*Task to complete*.
Extract each line of the material that follows exactly and omit its pictures.

Provided data section start

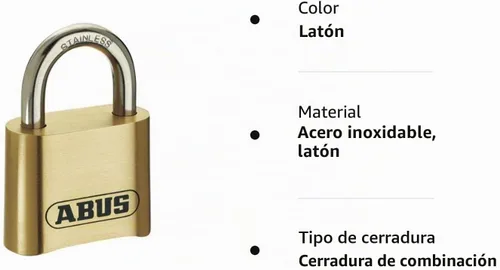 Vista 2 de ABUS 180IB/50 Todo Clima Candado de Combinación de Aleación Sólida de Latón de 4 Digitos con Grillete de Acero Inoxidable de 2 Pulgadas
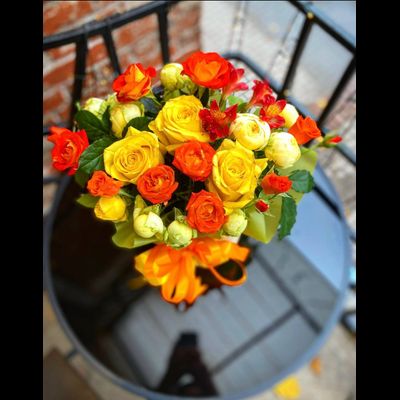 Корзинка с цветами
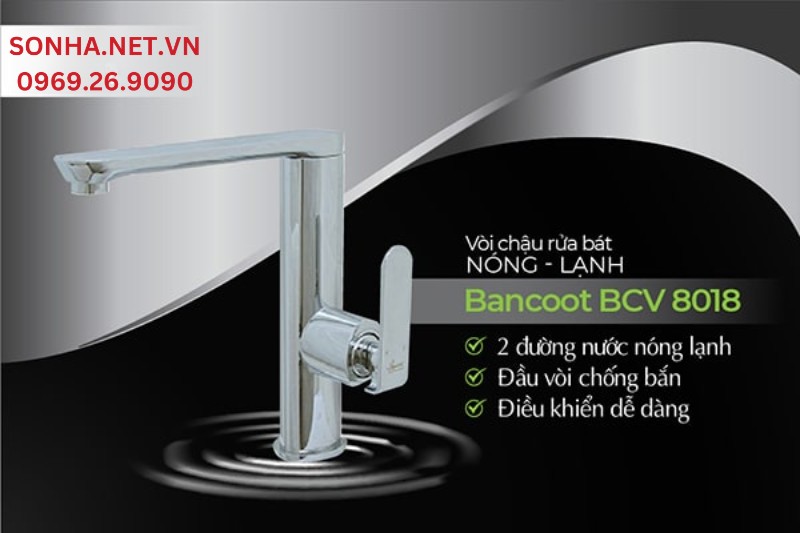Vòi rửa bát Bancoot BCV 8018 tính năng tiện ích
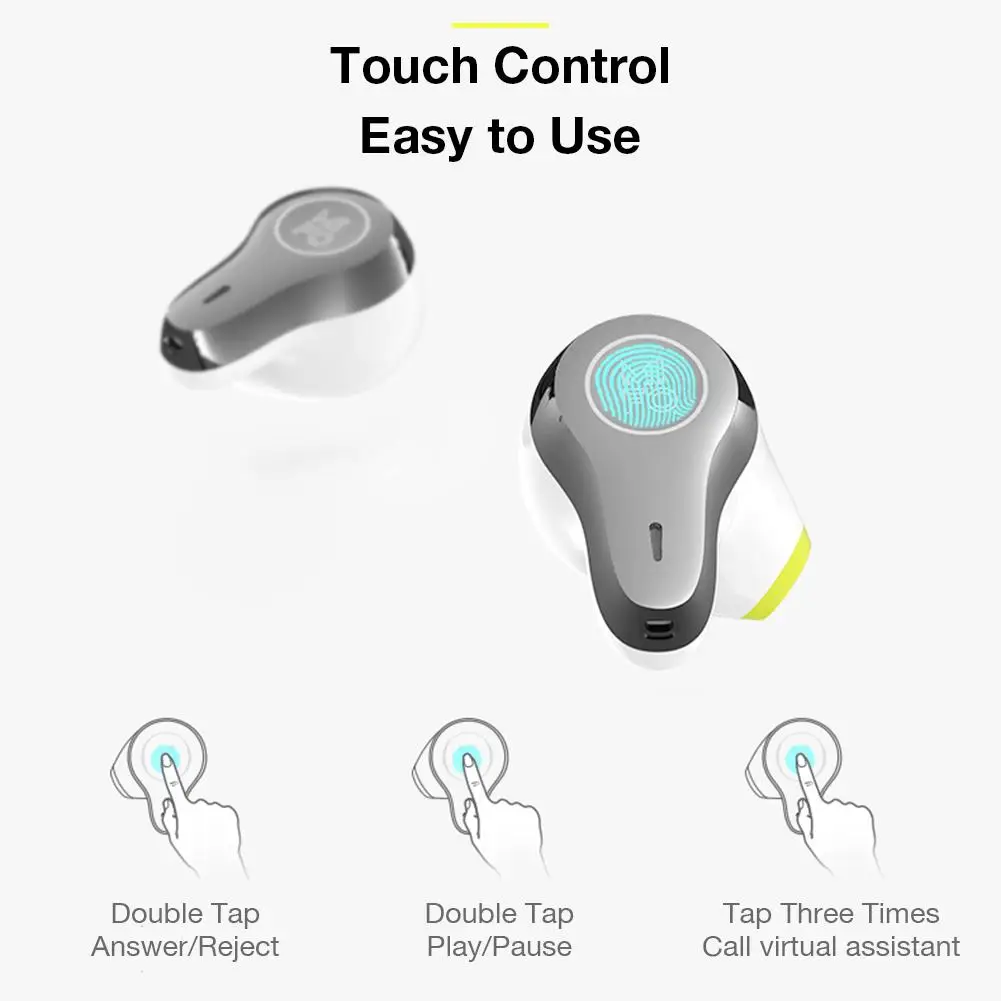 Беспроводные наушники Bluetooth 5 0 двойные наушники-вкладыши водонепроницаемые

Provided data section end

*Task solution*.
 Vista 2 de ABUS 180IB/50 Todo Clima Candado de Combinación de Aleación Sólida de Latón de 4 Digitos con Grillete de Acero Inoxidable de 2 Pulgadas
 Корзинка с цветами
Vòi rửa bát Bancoot BCV 8018 tính năng tiện ích
 Беспроводные наушники Bluetooth 5 0 двойные наушники-вкладыши водонепроницаемые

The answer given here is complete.